▶ _Exercise objective_:
Up to and including the line with "This is a 14K", restate the records below word for word, beginning with their first line.

Items from a data source:
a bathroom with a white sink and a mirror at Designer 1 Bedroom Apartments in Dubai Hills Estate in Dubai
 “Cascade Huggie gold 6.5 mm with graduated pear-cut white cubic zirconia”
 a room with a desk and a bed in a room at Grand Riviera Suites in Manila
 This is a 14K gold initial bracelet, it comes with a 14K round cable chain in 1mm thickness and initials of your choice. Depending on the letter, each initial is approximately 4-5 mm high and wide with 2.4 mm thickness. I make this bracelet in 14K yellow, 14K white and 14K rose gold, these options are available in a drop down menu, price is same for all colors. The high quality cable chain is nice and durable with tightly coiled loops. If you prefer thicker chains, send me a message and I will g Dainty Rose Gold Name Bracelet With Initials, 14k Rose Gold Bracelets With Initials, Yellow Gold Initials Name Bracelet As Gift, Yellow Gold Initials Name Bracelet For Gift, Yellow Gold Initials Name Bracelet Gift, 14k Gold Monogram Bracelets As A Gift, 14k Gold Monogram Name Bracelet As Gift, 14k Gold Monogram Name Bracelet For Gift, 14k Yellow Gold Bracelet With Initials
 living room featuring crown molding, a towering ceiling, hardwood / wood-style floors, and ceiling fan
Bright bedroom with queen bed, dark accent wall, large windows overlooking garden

▶ _Exercise result_:
a bathroom with a white sink and a mirror at Designer 1 Bedroom Apartments in Dubai Hills Estate in Dubai
 “Cascade Huggie gold 6.5 mm with graduated pear-cut white cubic zirconia”
 a room with a desk and a bed in a room at Grand Riviera Suites in Manila
 This is a 14K gold initial bracelet, it comes with a 14K round cable chain in 1mm thickness and initials of your choice. Depending on the letter, each initial is approximately 4-5 mm high and wide with 2.4 mm thickness. I make this bracelet in 14K yellow, 14K white and 14K rose gold, these options are available in a drop down menu, price is same for all colors. The high quality cable chain is nice and durable with tightly coiled loops. If you prefer thicker chains, send me a message and I will g Dainty Rose Gold Name Bracelet With Initials, 14k Rose Gold Bracelets With Initials, Yellow Gold Initials Name Bracelet As Gift, Yellow Gold Initials Name Bracelet For Gift, Yellow Gold Initials Name Bracelet Gift, 14k Gold Monogram Bracelets As A Gift, 14k Gold Monogram Name Bracelet As Gift, 14k Gold Monogram Name Bracelet For Gift, 14k Yellow Gold Bracelet With Initials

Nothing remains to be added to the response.